VIII
The position in which Terrington found himself requires to be explained.
Determined to clear out of Sar, three ways lay before him. The valley of the Kotli to the south, through the Gate of the Great Evil, by which, with Sir Colvin Aire, he had come up from Sampur; the Darai Pass, due east across the Kalawari, and then south-east into the Punjab; and the Palári, north-east, through the wild welter of ranges under the roof of the world and over plains of snow to the western border of Cashmir.
The first, though physically far the easiest, was out of the question, since the road would be lined with hostile khels who could force him to fight every mile of the way, with the odds of the ground and numbers always against him.
The Darai, which came next in feasibility, was approached over an open and exposed country, and was commanded from above in its most dangerous defiles. Consequently it was by the Palári, the most arduous of all the roads between Sar and Hindustan, that Terrington determined to retire.
To Rashát, which Gale was holding at the foot of the Palári, there were two roads from Sar. One, the longer, which Terrington had taken, led up the left bank of the river through gorges of increasing grandeur till the Sorágh Gul was reached. There the shorter road from Sar joined it, and the two rose together to the snows. Terrington was forced to go the longer way because he could cover his retreat along it with a small rear-guard, and because the shorter passed through Sar itself and beside the very gates of the Palace; but he had to face the certainty of finding Mir Khan and his men at Sorágh Gul in a position almost impregnable barring his advance upon Rashát. There, if wedged between the force in front of him and that following him from Sar, he would be forced to starve or to surrender.
The six hundred men under him were too few to be used offensively; he could not squander them against odds in the open. If compelled to fight his way across the Sorágh Gul not many of that six hundred would find shelter in Rashát. By craft alone could he hope to reach the Palári with the foe behind him, and the craft that should deceive Mir Khan would have to be greatly daring.
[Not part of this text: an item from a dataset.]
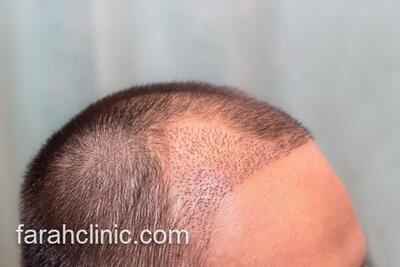  زیبایی دوباره با تکنولوژی جدید کاشت مو؛ بدون نیاز به جراحی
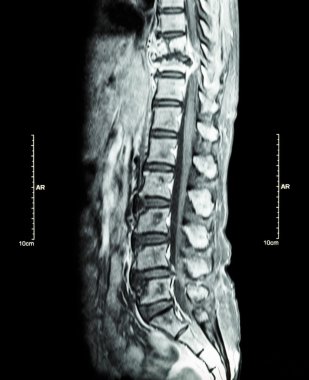 Omurga metastaz (torasik omurga için yayılmış kanser) (MRI göğüs ve bel omurga: torasik omurga metastaz göstermek ve spinal kord (miyelopati) sıkıştırmak) (sagittal düzlem )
Greatly daring it was. He divided his force into three parts. The first, composed entirely of the Guides Cavalry Bengal Lancers, was to push on by forced marches to the further side of the double-headed valley which ended in the Sorágh Gul. Being mounted, on a fairly good road and with eight hours' start, it could reach this before the enemy, who was mostly on foot, could arrive by the shorter road through Bewal. Sending on a summons to Rashát for every man that could be spared, Walcot, who commanded the cavalry, had orders to wait the arrival of Mir Khan from Bewal, and then, making as much dust as possible, to retire slowly on Rashát, fighting as determined a rear-guard action as he could without exposing his men, in order to draw Mir Khan after him across the Gul. It was Terrington's hope that the Khan, seeing British troops beyond the Gul, would imagine that the entire force had reached it by a superhuman effort and, after a perfunctory search of the road towards Sar, would follow furiously in order to drive it headlong into Rashát.
To complete the deception, the central portion of Terrington's force, consisting of the Sikhs and Bakót levies in charge of the transport, were to remain concealed and not to approach the Gul till the Khan's intentions became apparent; and the Guides forming the rearguard had orders so to delay pursuit along the river road from Sar that the pursuers' fire should not reach Mir Khan's ears at the Gul for at least twelve hours after he had reached it.
Then if Mir Khan came to the lure, and followed Walcot, the Sikhs were to push on at full speed, seize the road where it crossed the Gul, and await the rush for safety of the enemy on finding that he was trapped.